Home networks are getting smarter – and busier. From lightbulbs to smart speakers to printers, the number of WiFi devices we use continues to grow each year.
Although extremely useful, each device increases the risk of falling victim to hackers. Every device you connect is another potential point of attack. So how do you protect yourself?
Here are three top tips for protecting your home network.
Change your passwords
Every smart device has a default password so you can complete initial set-up. But many people never bother to change this password. Importantly, the default password is almost certainly the same for every similar device sold. This makes it incredibly easy for hackers to break in and take control of your devices because they can simply ‘guess’ the default password for the device.

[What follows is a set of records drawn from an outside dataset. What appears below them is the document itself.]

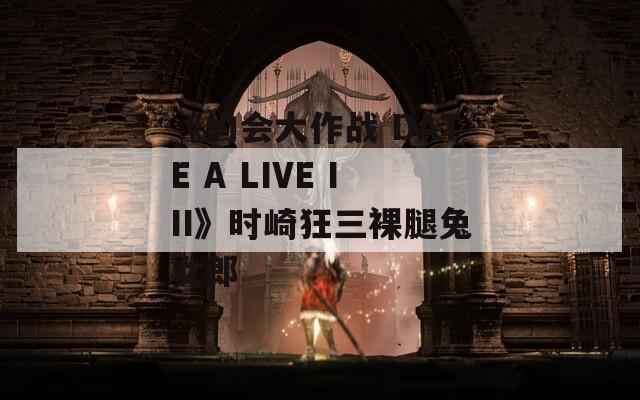 《约会大作战 DATE A LIVE III》时崎狂三裸腿兔女郎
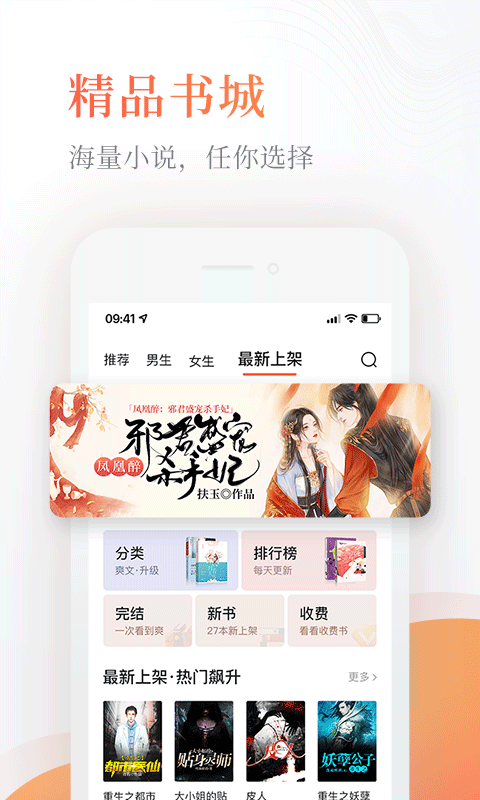 奇热免费小说官方版截图3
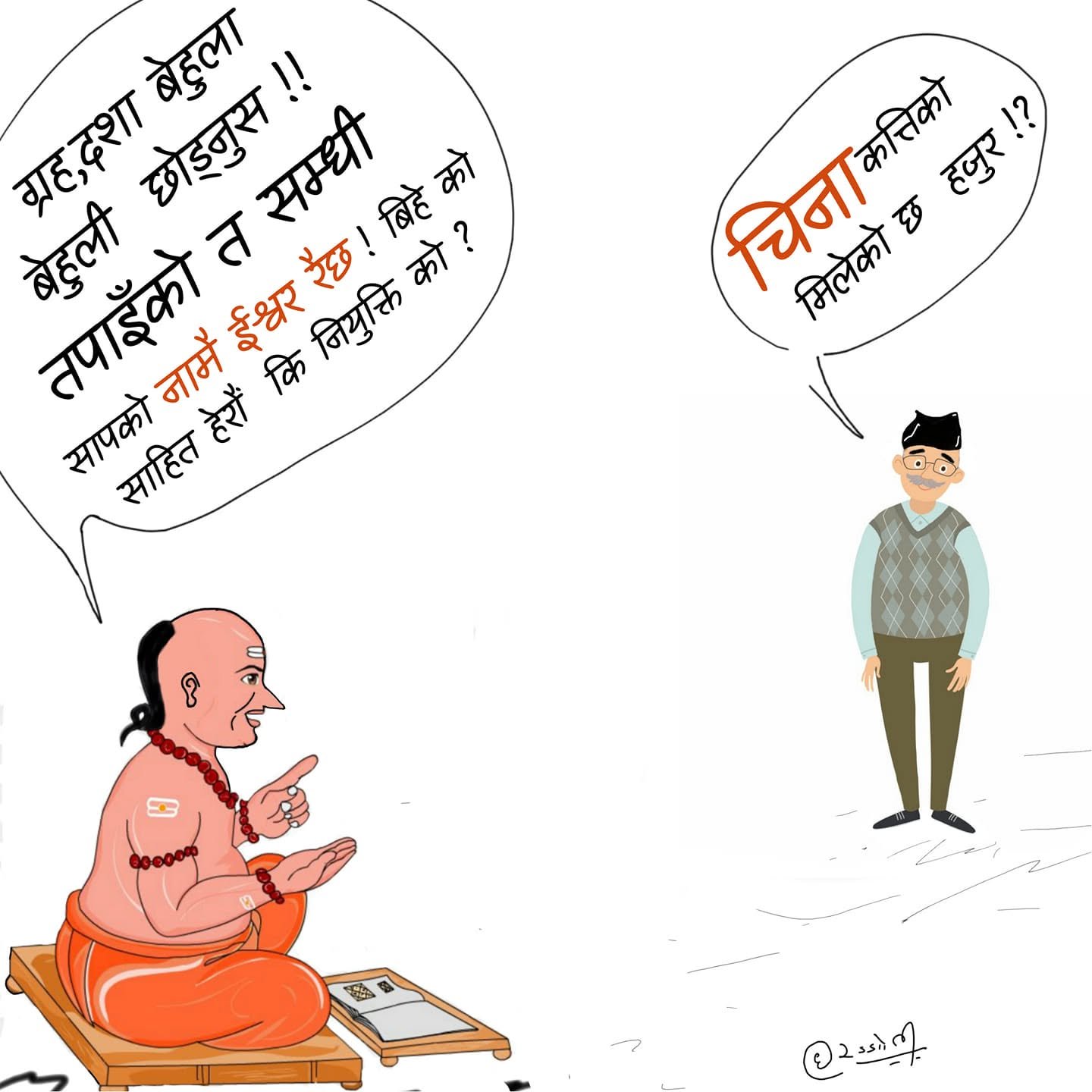 Cartoon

As part of your set-up routine you must change the administrator password for each new device. And not just any password – choose a strong, long password that contains letters, numbers and special characters. You can use a tool like Panda Dome Passwords to generate and store secure passwords quickly and easily.
Don’t share your WiFi
Friends and family will often ask to use your WiFi when visiting. And although you know these people, they can still pose an unintentional security risk. Once their smartphone or tablet has connected, the device stores your network details and password to make it easier to connect in future. But if your friend’s computer is ever hacked, cybercriminals can steal these details allowing them to break into your network at some point in the future.
Most home routers now offer a ‘guest network’ function. This acts like a separate WiFi network, allowing your trusted friends and family to use their apps on the internet. However, devices on the guest network cannot access your main network, helping to protect your devices and data from hackers.
Be selective about smart devices
Even the most mundane household devices now offer WiFi connectivity – washing machines, tumble dryers, ovens, dishwashers, refrigerators etc. Many also provide smartphone apps allowing you to track progress of a load of washing or similar. But will you really use this functionality? Is the app really useful or is it just a gimmick?
If the answer is no, consider not adding the device to your network. Most ‘smart’ devices function perfectly normally without WiFi, so you don’t have to join it. And always remember – every additional device connected to your WiFi is another potential attack point. The fewer devices you have on your network, the less opportunity for a hacker to break in.
So there you have it, three more ways to protect your home network over Christmas and into the New Year. Good luck!